For years, the federal government allowed a credit for state death taxes to be applied to amounts owing for federal estate taxes. Although not initially intended as such it became a windfall for states who could increase their inheritance and estate taxes to the full amount of the federal estate tax without impacting the taxpayer – it was “robbing Peter to pay Paul.” But effective in 2001, Congress eliminated the credit for state death taxes and began a multi-year increase in the amount of an estate exempt from federal taxation. That amount is currently about $5.4 Million and is indexed to increase annually.

According to Politifacts of Oregon, twenty-nine states allowed their death taxes to expire, or otherwise eliminated them, when the federal government eliminated the credit for state death taxes. Only three of the states west of the Mississippi River, including Washington, Oregon and California (the three states that never met a tax that they couldn’t live without) re-enacted their death taxes. Although Oregon allows an estate to pass to a surviving spouse without application of the tax, the second death imposes a significant burden on the estate and its recipients.

Let’s understand that Oregon’s sky high death tax does not effect the quality of life for retirees and perhaps that is why Forbes failed to consider it in its rankings of desirable places in which to retire. However, two factors impose consideration of the effects of the death tax on those choosing to move to or remain in Oregon.

First, Oregon is primarily a “small business” state. Its economic engine is fueled significantly by small, family owned businesses. The ability of those businesses to continue should be of interest to the state’s policy makers. And here, Oregon’s death tax can have a substantial impact. Currently, an investment producing an annual income of $150,000 at five percent (double the inflation rate and twenty times greater than passbook savings rate) would require $3,150,000. (For those of you forced to endure a teachers union directed education in the Portland public schools that would mean . . . oh, forget it. It would be like trying to teach economics without admitting to profits.) That would also be the value of a business producing that level of pretax income. The Oregon death tax on an estate valued at $3,150,000, after exempting the first $1,000,000, would result in a tax of $220,750. That is money that the family business would have to borrow or forego reinvesting in the business.

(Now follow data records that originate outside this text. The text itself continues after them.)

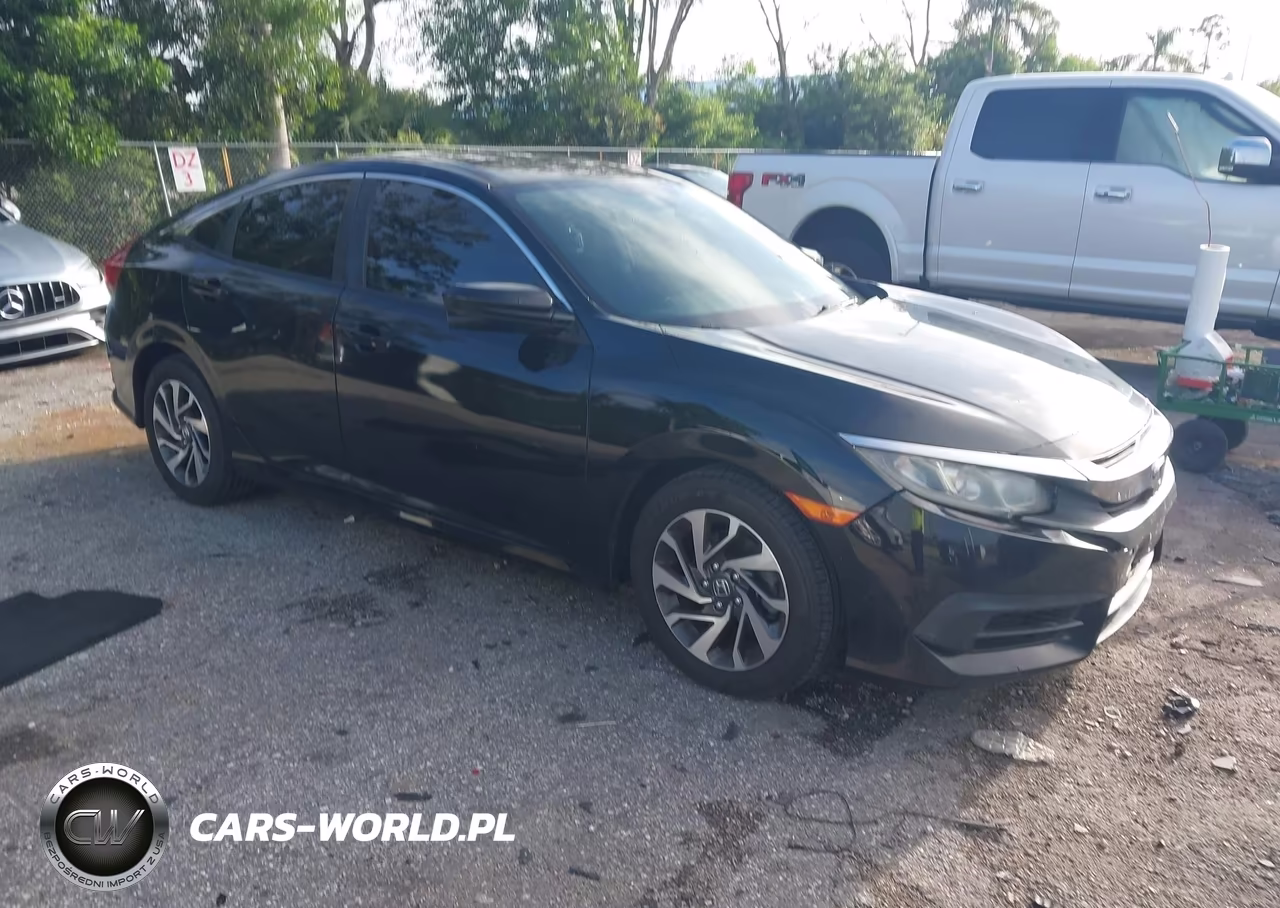 2016 Honda Civic Ex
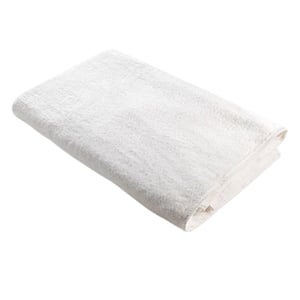 ARTG Omrande badhanddoek (Wit)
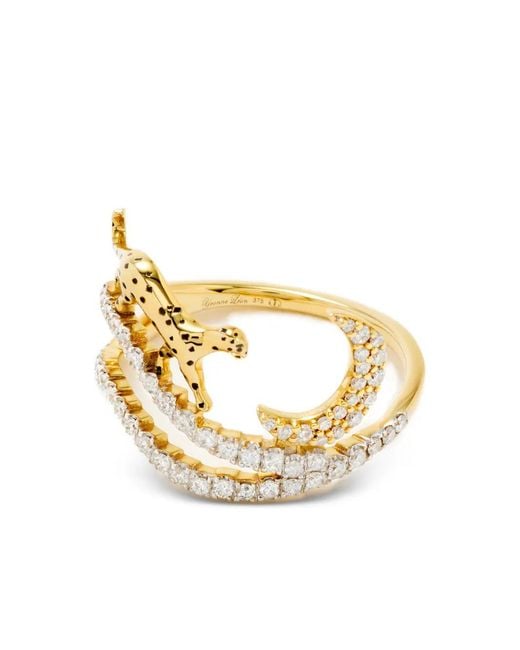 Yvonne Léon Metallic Dream Diamond Ring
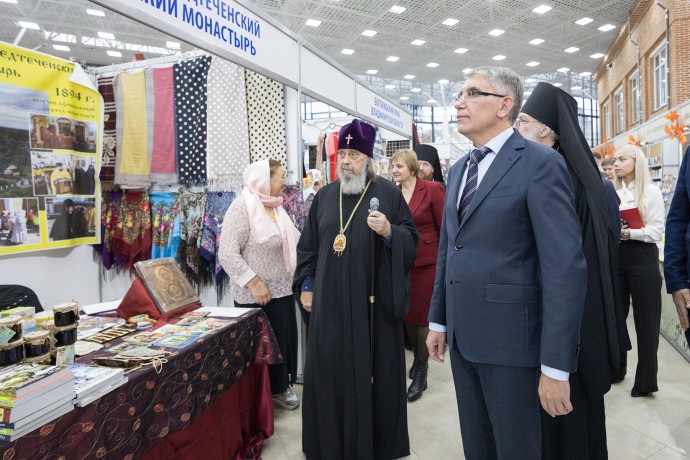 В Тульском кремле обсудили сотрудничество власти и Церкви по укреплению духовных ценностей В Тульском кремле обсудили сотрудничество власти и Церкви по укреплению духовных ценностей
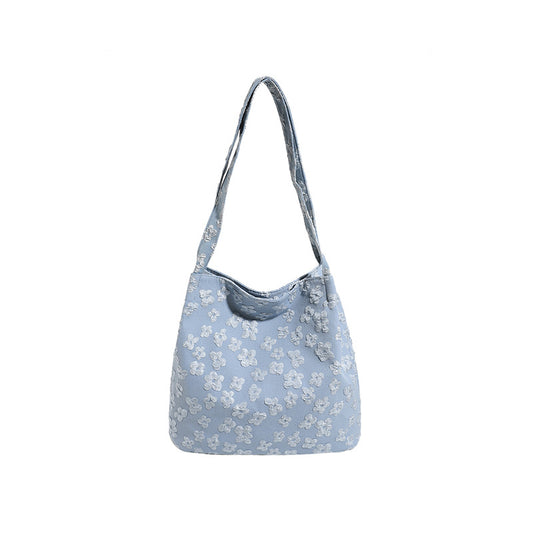 Canvas Bag Design Sense Summer New Bag Simple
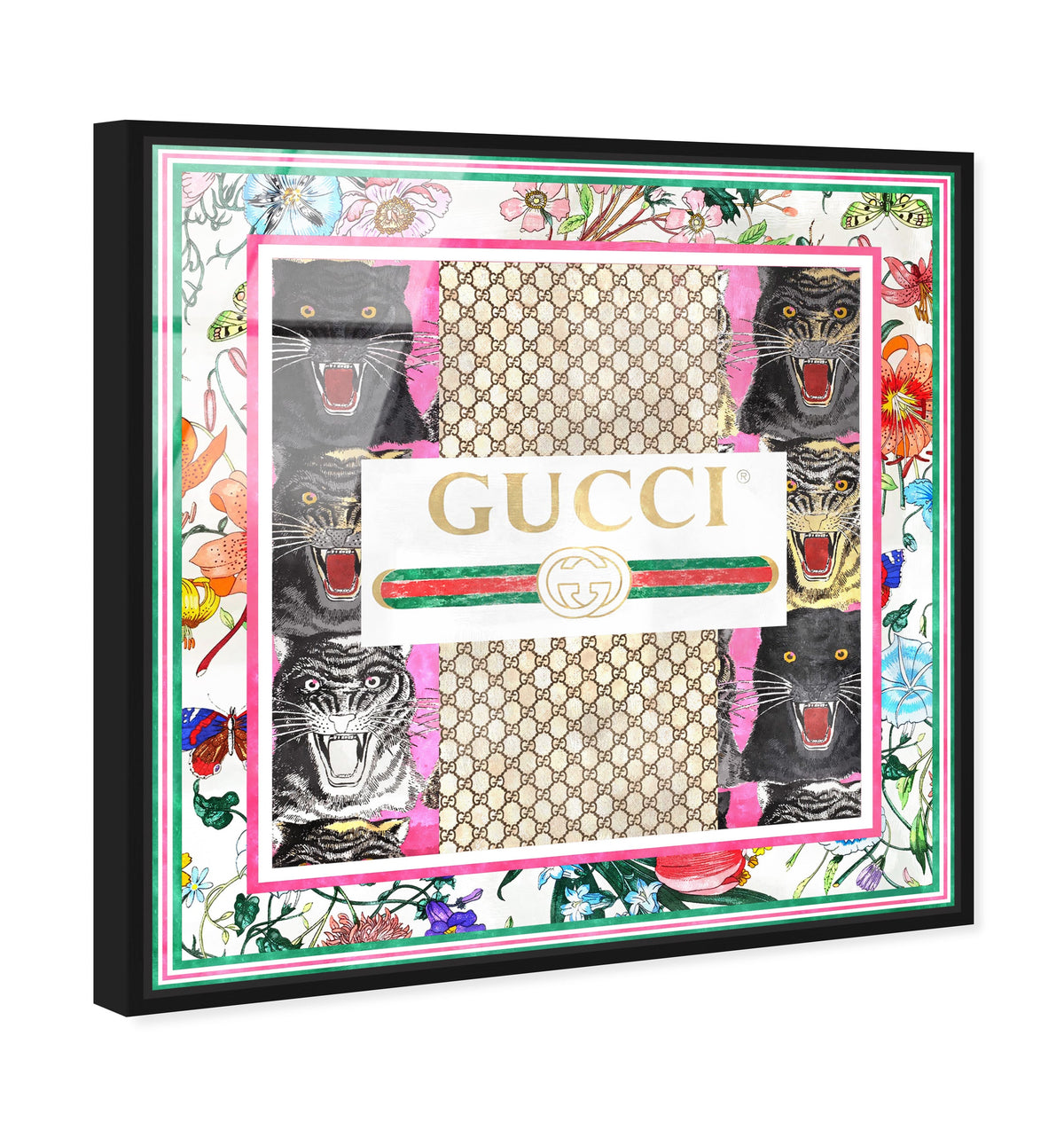 Grand Royal Fashion III: Glam Wall Art | Oliver Gal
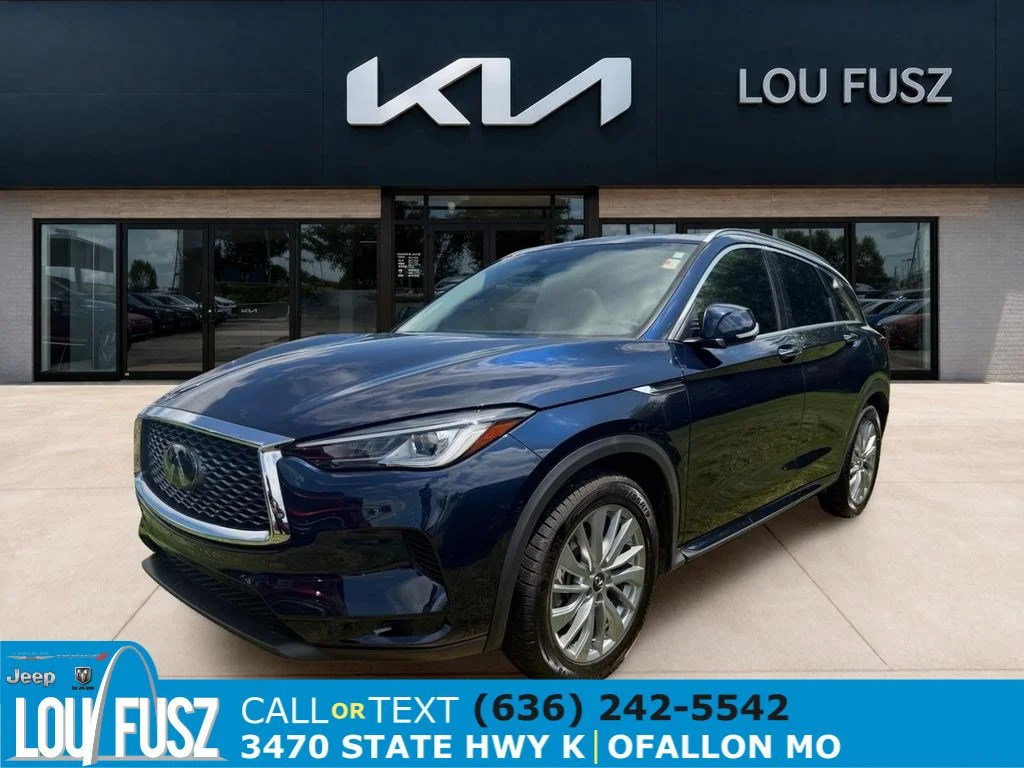 2024 INFINITI QX50 Luxe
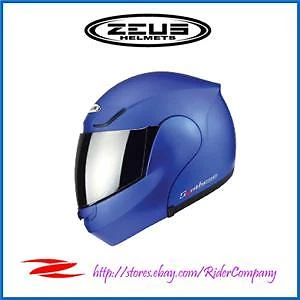Casco de motocicleta modular abatible ZEUS ZS-3000 DOT o SNELL aprobado limitado Foto 1 de 1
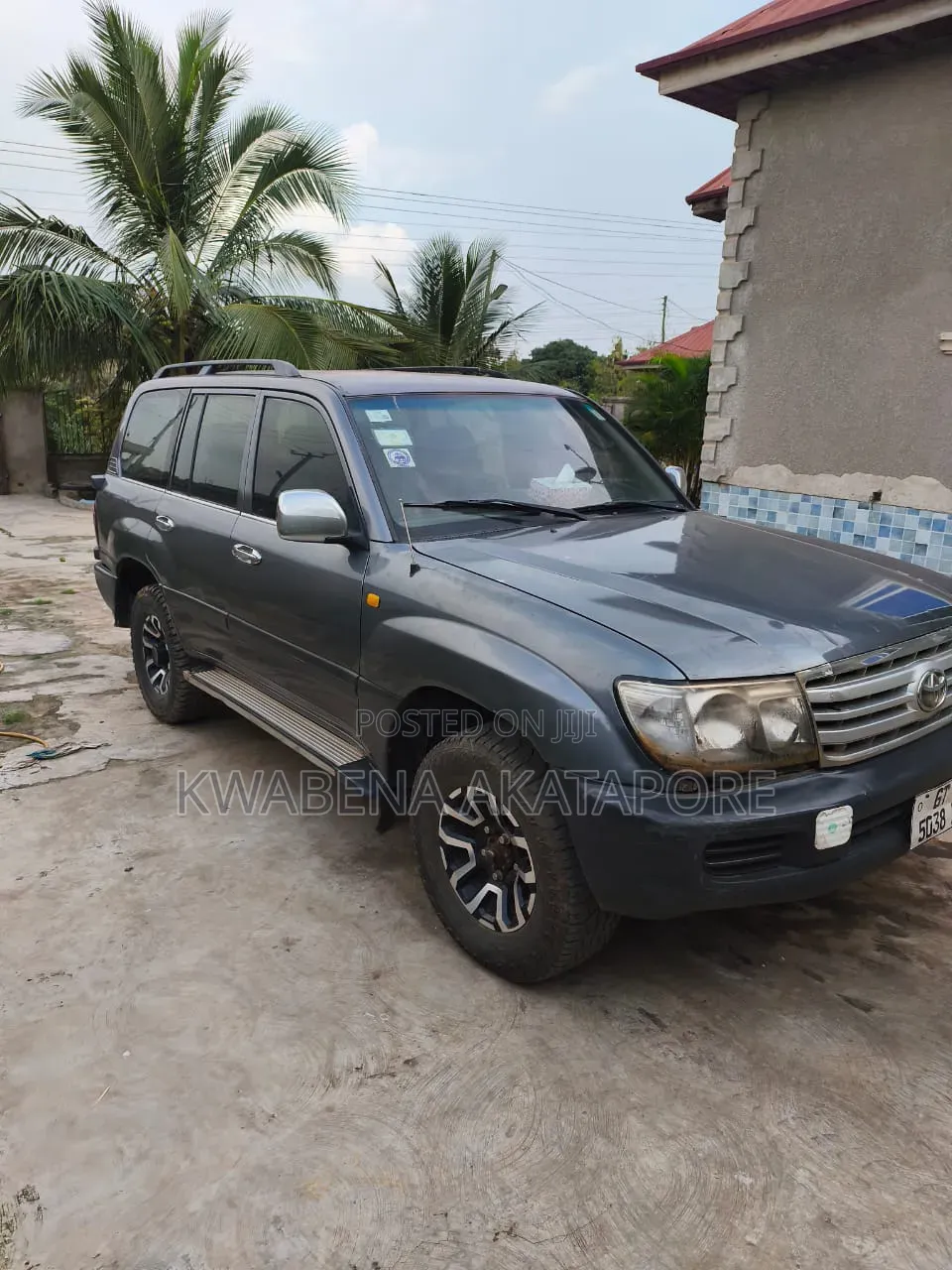 Toyota Land Cruiser 2006 Black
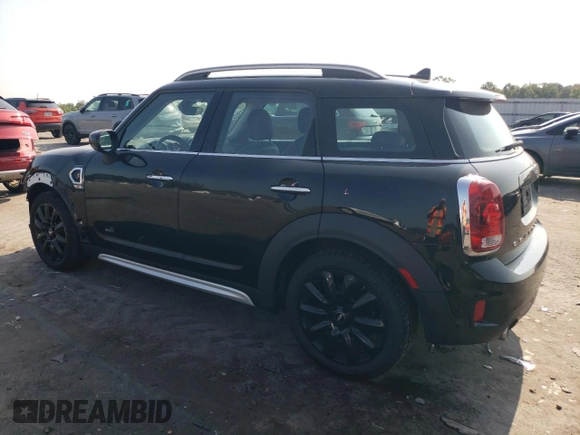 2020 MINI Countryman Cooper S with VIN WMZYX1C04L3L27083, listed as a Copart auction lot 68603514 with 27,701 mi miles and Salvage Title. Bid and sale history available at carsss.com. Image 2.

Trust me, a business producing $150,000 is in a daily fight to survive. An unexpected penalty of nearly a quarter million dollars could be the difference between survival and bankruptcy.

Second, it is now widely accepted that the current generation and the next generation may find themselves in the unenviable position of not having the opportunity to succeed at the same level as their parents. For many of us in the “retired or retiring” generation, passing wealth to our children is a way to mitigate that effect. Spreading an estate valued at$5.4 Million (the amount currently exempt from federal estate taxes) among your children and grandchildren will help them without creating extraordinary wealth. Remember this is not Kennedy wealth, or Clinton wealth, or even Romney wealth – it is better described as mainstreet success wealth. But in Oregon, the death taxes due would equal over $480,000 – an amount that would be crippling even for a successful mainstreet business.

Even for all of those liberals, those big government advocates and those public employee union zealots anxious to sustain the abundance of public spending, it is not unreasonable to suggest that exemptions from Oregon’s death tax mirror those of the federal government. Were that to occur, many who have fled Oregon or looked at Oregon as a place to retire and passed, might reconsider.